Friday, January 20, 2017

Not new news?



   Quick!  Does anyone remember what happened during the first week of the new year?  It wasn’t another big winter storm or another actor or pop singer dying.  It was big news – the man-bites-dog type, as opposed to another dog biting a man.  Here’s a hint: it happened in Florida. 
   It should have been big news, and it should still be big news. That is, if this country, if not the world, made sense anymore.  Instead, when a man went on a shooting rampage and killed five people and injured eight others at the Fort Lauderdale’s international airport, the Los Angeles Times relegated the story to the bottom of the front page and called the incident “the country’s first mass shooting of the new year.”
   Think about that.  “The country’s first mass shooting of the new year.” This was only the first mass shooting in America this year.  This means there’ll be more mass shootings before long.  This means that there will be another mass shooting in the next several months and another one not long afterwards.  This means that more mass shootings will no doubt happen, that more mass shootings are inevitable – a matter of when and where, not if – that they will be no surprise, not big news. 

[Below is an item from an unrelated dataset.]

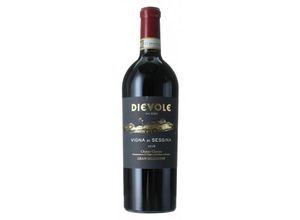 8005557349055 - DIEVOLE CHIANTI CLASSICO GRAN SELEZIONE VIGNA DI SESSINA 2016 - DIEVOLE 8005557349055 - DIEVOLE CHIANTI CLASSICO GRAN SELEZIONE VIGNA DI SESSINA 2016 - DIEVOLE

   The other night, I was watching the PBS Frontline documentary on how America became more divided during Barrack Obama’s presidency, leading to Donald Trump’s rise and election, and I was very much struck by one statistic: the rampage at Sandy Hook Elementary School in Newtown, Connecticut, in which 18 young children and seven adults were slaughtered, was the fifteenth (and far from the last) mass shooting during the eight years when Obama was president.  No doubt the only reason it is still remembered is that all those little kids were killed, and yet, as the documentary pointed out, it didn’t result in stricter national gun safety legislation. 
   Perhaps all this shouldn’t be surprising.  Perhaps mass shootings no longer being big news shouldn’t be big news.  As I post this, the inauguration of Donald Trump as the 45th president of the United States is taking place.  I am doing this instead of watching. Indeed, perhaps I shouldn’t be surprised.